Instructor Base Sentence Embeddings

Description

Instructor👨‍🏫, an instruction-finetuned text embedding model that can generate text embeddings tailored to any task (e.g., classification, retrieval, clustering, text evaluation, etc.) and domains (e.g., science, finance, etc.) by simply providing the task instruction, without any finetuning.

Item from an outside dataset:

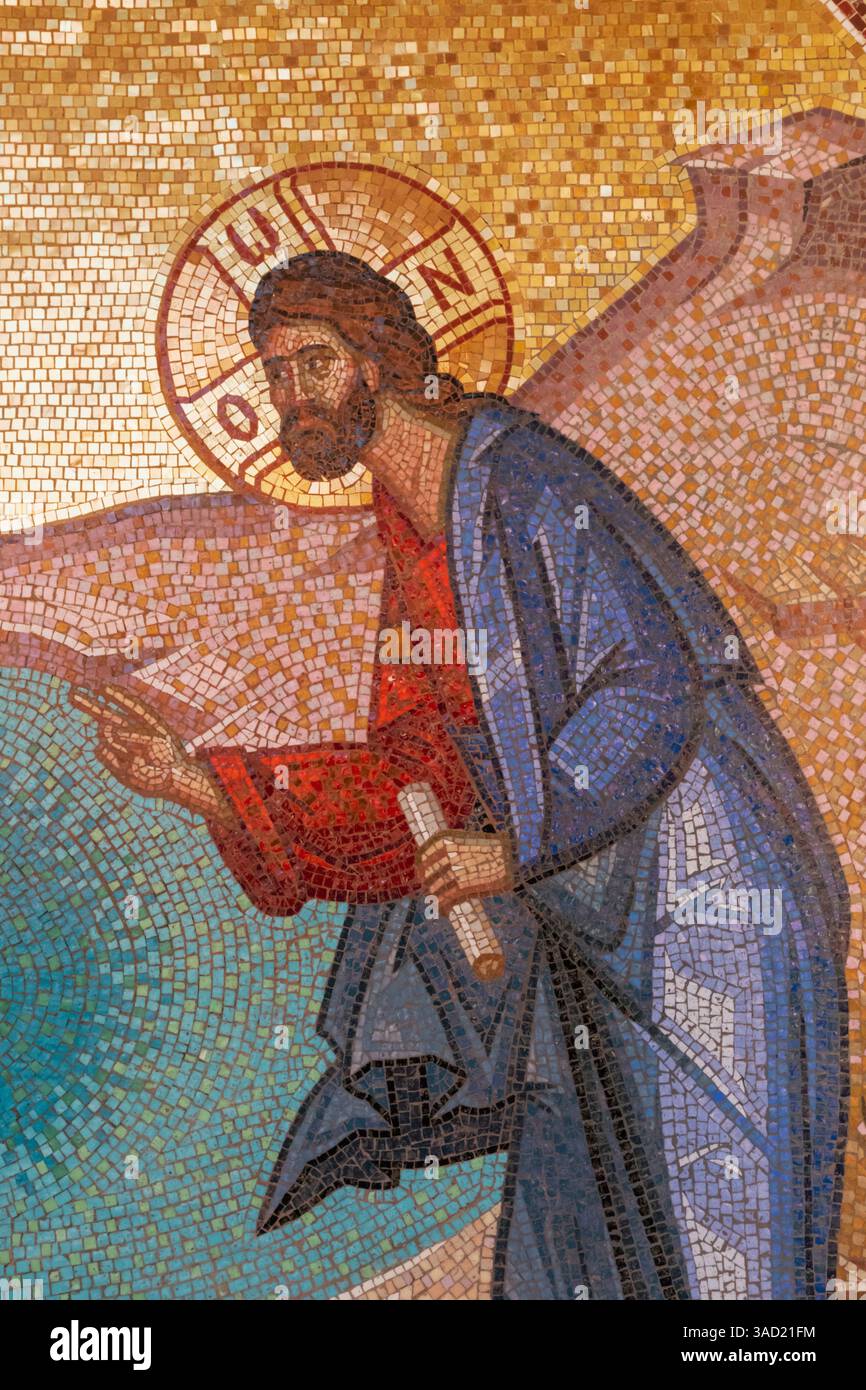 Zypern, Paphos, Troodos-Gebirge, Kykkos-Kloster, Mosaiken, die Jesus Christus darstellen, der die Fischer auf dem See von Galiläa ruft Stockfoto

Instructor👨‍ achieves sota on 70 diverse embedding tasks.

Download Copy S3 URI

How to use


instruction = InstructorEmbeddings.pretrained("instructor_base","en") \
            .setInstruction("Instruction here: ") \
            .setInputCols(["documents"]) \
            .setOutputCol("instructor")

        pipeline = Pipeline().setStages([document_assembler, instruction])


    val embeddings = InstructorEmbeddings
      .pretrained("instructor_base","en")
      .setInstruction("Instruction here: ")
      .setInputCols(Array("document"))
      .setOutputCol("instructor")

    val pipeline = new Pipeline().setStages(Array(document, embeddings))


Model Information

Model Name: instructor_base
Compatibility: Spark NLP 5.4.2+
License: Open Source
Edition: Official
Input Labels: [document]
Output Labels: [instructor]
Language: en
Size: 406.0 MB